In effetti, pareva abbastanza terrificata l’occhiata che il povero Artù lanciò alla montagnola che gli era stata indicata. E la situazione non migliorò nel momento in cui Merlino gli ordinò: “ragion per cui, adesso metterai in marcia il tuo cavallo esattamente in quella direzione e sbrigherai questa pratica, dopodiché avrai il mio permesso per andare dove vuoi. A Dio piacendo, porterai un po’ di pace alla povera gente che abitava queste terre e che adesso, per la paura, è stata costretta ad abbandonare la sua casa”.

Scrive l’autore del Lancillotto-Graal che «quando i baroni udirono le parole di Merlino, tutti quanti all’unisono si fecero il segno della croce, stupefatti alla storia che avevano appena ascoltato. E tutti concordarono sul fatto che, senza dubbio, tutto ciò era accaduto a causa della giusta vendetta di Nostro Signore, sdegnato a causa di quel pescatore che più d’una volta aveva infranto la promessa che aveva fatto a Dio» (come se già non bastasse l’empietà di lavorare nel giorno dell’Ascensione, aggiungo io!). «E addivennero anche alla conclusione che l’Onnipotente era sdegnato anche e sopra tutto a causa del fatto che, fin da principio, il pescatore aveva saputo dentro di sé di star assumendo di fronte a Dio un impegno menzognero. Re Artù, dal canto suo, ordinò agli uomini di mettersi in marcia verso l’altra sponda del lago, come Merlino aveva comandato loro. E così tutti scoprirono che, in effetti, sull’altra sponda, quelle terre beate erano desertiche e disabitate, perché più nessuno osava vivere nei paraggi»

Nel giorno della battaglia, furono re Ban, sir Lot, sir Gawain e sir Gaheriet gli unici che osarono imbracciare le armi e marciare al fianco di Artù e Merlino fino al limitare della caverna in cui, come spiegò il mago, il demoniaco gattino era solito dormire. Ma quando Merlino richiamò il mostro con un fischio (che è grossomodo la versione medievale del nostro “miiicio micio micio micio!”), Artù diede ordine ai suoi cavalieri di lasciarlo combattere da solo contro quel demonio. A più riprese sembrò sul punto di soccombere e uscì da quello scontro gravemente ferito; ma, com’è come non è, alla fine ebbe la meglio.
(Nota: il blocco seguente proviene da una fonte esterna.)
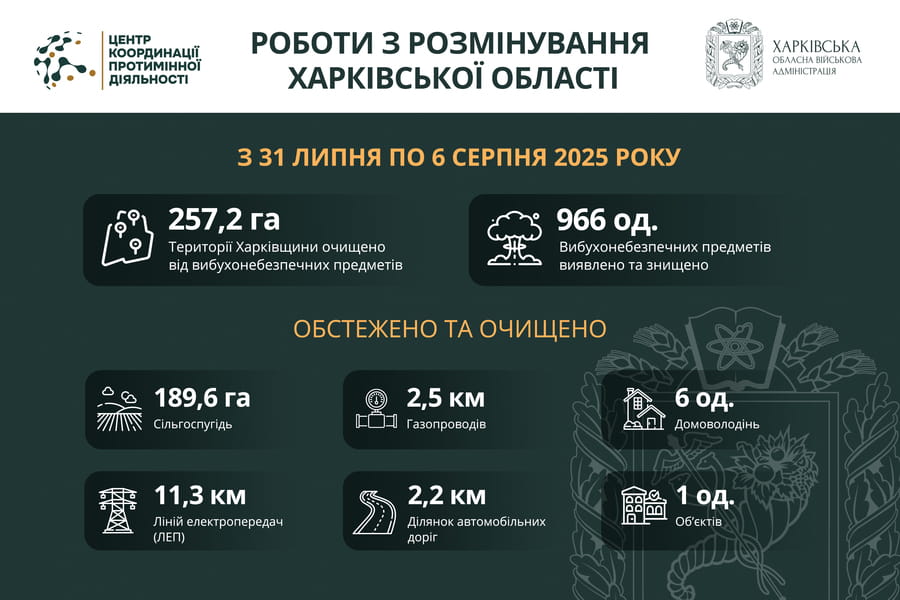 На Харківщині за тиждень виявили та знищили майже 1000 вибухонебезпечних предметів На Харківщині за тиждень виявили та знищили майже 1000 вибухонебезпечних предметів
E, questa volta, addirittura senza aiuti.

E quando ebbe inferto il colpo mortale a quell’essere mostruoso, contemplando la sua carcassa mentre cercava di riprendere fiato, Artù volle sapere da Merlino come diavolo si chiamasse il villaggio che aveva appena salvato da quella insidia, e a sprezzo della sua stessa vita. E il mago gli rispose che la gente del luogo era solito chiamarlo Mont du Lac, a causa del lago che lambiva dolcemente le pendici del colle su cui s’ergeva il paese.
“Parola mia”, ansimò re Artù, “desidero che questo nome sia cancellato per sempre dalle mappe e che, d’ora in poi, questo paese venga ricordato come Mont du Chat, in memoria del mostro che qui viveva e che io sono riuscito a sconfiggere”.

E così fu. E da allora e per sempre quel luogo onorò la memoria di Artù e della sua valorosa impresa: ancor oggi, nel punto in cui prese corpo la battaglia, sorge un piccolo villaggio che porta nel nome il ricordo di quell’aventura. È La Chapelle-du-Mont-du-Chat, un minuscolo comune di poco più di duecento anime che s’affaccia sul lago del Bourget, non lontano da Chambéry e dall’abbazia reale d’Hautecombe.